On sait qu’il sortira au moins une déclaration politique. De toutes façons, on ne peut pas être en-dessous. Il y a une version qui circule ici: certains dirigeants de pays riches auraient acté, le 9 novembre dernier, en marge de la commémoration de la chute du Mur, à Berlin, que le résultat du sommet de Copenhague serait la somme des engagements nationaux des pays riches en y incluant tous les critères que l’on pouvait «ramasser». Et ce pour arriver à un engagement autour de 24-25% de réduction des émissions de GES, afin de s’inscrire dans les prévisions des scientifiques. En réalité, il ne s’agirait que d’une réduction, environ, de 10%, si l’on ne tient compte que des efforts vraiments sérieux.

Ce sera donc probablement un mauvais accord, avec de mauvais chiffres bourrés d’échappatoires et de magouilles.


Pourquoi en arrive-t-on là? Quels sont les responsables de cette situation?

Beaucoup de monde, en réalité. Les Danois, qui ont souvent mis sur la table des textes pro-américains, n’ont pas vraiment fait le boulot. Et surtout, il n’y avait pas la volonté commune de trouver un accord à la hauteur des enjeux. Chacun a lancé ses initiatives de son côté, qui donnent l’illusion de faire vivre la négociation mais, en fait, brouillent le message. La France a eu, quelque part, un double langage: elle a exprimé et communiqué son volontarisme mais dans les négociations, dans le cadre de l’UE, n’a pas vraiment poussé pour une réduction à 30% d’ici 2020 (engagement pour l’Union européenne) pour s’y rallier finalement. Et elle faisait partie des pays qui ne voulaient pas chiffrer l’aide aux pays du Sud. L’Europe, en définitive, n’a pas pris le leadership. De leur côté, les Américains ont bloqué sur à peu près tout. C’est un jeu de poker menteur, finalement perdant.

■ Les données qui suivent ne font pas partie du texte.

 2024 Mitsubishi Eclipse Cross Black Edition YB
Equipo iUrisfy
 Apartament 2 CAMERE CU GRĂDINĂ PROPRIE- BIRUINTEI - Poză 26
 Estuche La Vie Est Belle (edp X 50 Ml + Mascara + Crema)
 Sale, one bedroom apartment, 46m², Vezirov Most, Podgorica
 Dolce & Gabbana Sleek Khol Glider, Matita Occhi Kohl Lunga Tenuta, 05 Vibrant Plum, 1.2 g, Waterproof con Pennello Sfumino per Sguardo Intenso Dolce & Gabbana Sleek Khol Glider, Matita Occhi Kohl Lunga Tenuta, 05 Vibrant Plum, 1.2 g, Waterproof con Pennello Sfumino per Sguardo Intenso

Bref, cela fait deux ans que l’on négocie pour un aboutissement un peu lamentable. Mais si les chefs d’Etat affichent leur volonté absolue de sauver le climat, les négociateurs n’avaient pas de mandat pour avancer.

Sur l’aide aux pays du Sud, y a-t-il eu des progrès?

A priori, on partirait sur un fast start (financement immédiat pour aider les pays émergents à lutter contre le réchauffement climatique, ndlr) autour de 25-30 milliards de dollars. C’est une avancée même si l’on sait qu’il s’agit, pour une part, d’argent recyclé. Il y a un geste de solidarité en direction des pays du Sud pour initier des mécanismes financiers de soutien. Mais sur l’enveloppe globale de 100 milliards, on ne connaît pas le cadre ni les modalités.

Quelles sont les suites à donner au sommet?

Il faut absolument un «après-Copenhague» pour aboutir à un accord contraignant. Pour cela, il faudra donner un véritable mandat aux négociateurs. Les Européens sont sur cette ligne. Mais est-ce que les autres – particulièrement les Américains – cèderont? C’est tout le débat. Après, c’est un processus de négociations qui va se poursuivre, en fonction de la déclaration qui va sortir de Copenhague.